Though Talking Heads came out of the 70s punk scene in New York they were anything but slash and burn Sex Pistols types. From the beginning there was something different about them. Unlike a lot of punk-rock types David Byrne looked like he couldn't fight his way out of a paper bag and probably spent his Sunday's at the library. For some reason though the contradictory image worked to Talking Heads advantage as a lot of people who appreciated punks desire to wipe the slate clean but couldn't embrace its "any day's a good day to overdose" ethos found refuge in the band's somewhat nerdy public image and experimental musicality.

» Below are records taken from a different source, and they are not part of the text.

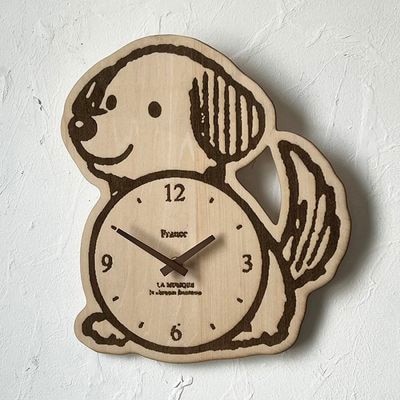 壁掛け時計 犬 日本製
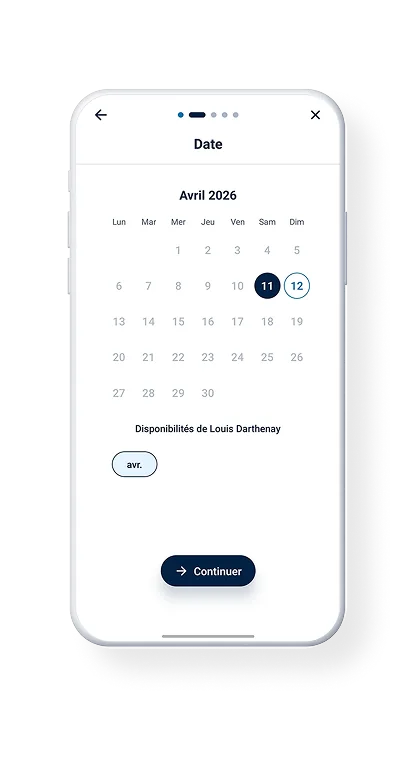 Aperçu de l'écran de sélection d'une date
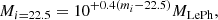 $$ \begin{aligned} M_{i=22.5} = 10^{+0.4(m_i-22.5)} M_{\rm LePh}, \end{aligned} $$
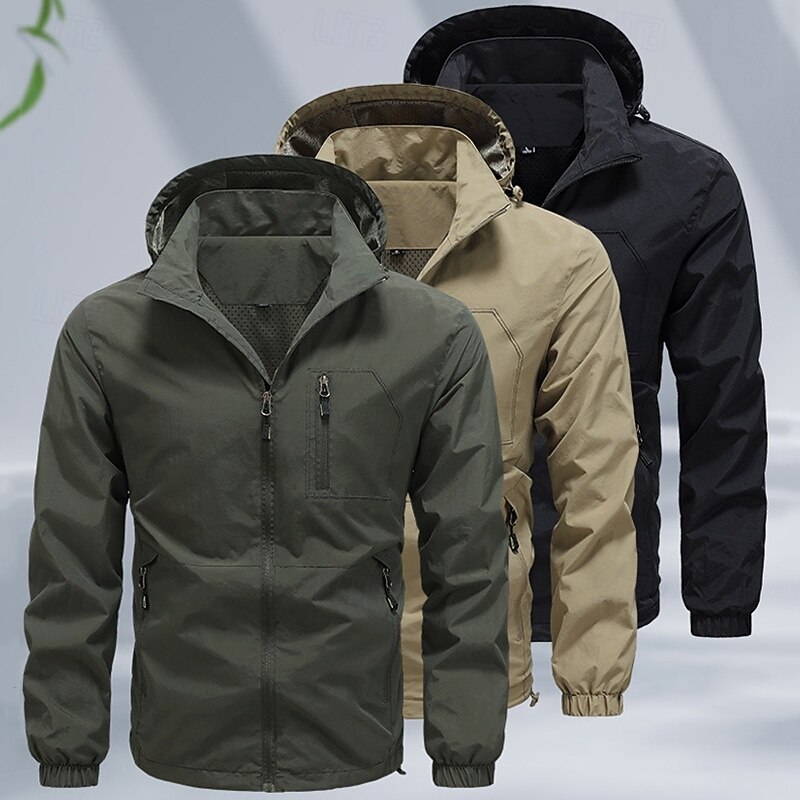 Men's Outdoor Jacket Windbreaker Rain Jacket Daily Going out Windproof Breathable Pocket Spring Fall Plain Fashion Classic Hooded Regular Black Khaki Army Green Jacket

By the time of the release of 1983's "Speaking in Tongues" Talking Heads had become firmly established as America's favorite alternative band. If you were in college at the time owning several Talking Heads albums was practically required. Still, they lacked that breakthrough hit that would deliver them the mountaintop. That situation finally changed with the release of the single "Burning Down the House". The song, buttressed by an appropriately quirky video in heavy rotation on MTV, reached the top 10 in both the US and Canada. The song evolved from a studio jam which, when it reached a satisfactory point, was given over to Byrne to write lyrics for. He employed the tactic of finding phrasal rhythms that matched the song's structure and then finding words that fit the phrasing. The result is a song that is hard to pin down. What exactly is it about? There is no 'subject' really. It's about music, kind of like the way that dreaming is about life.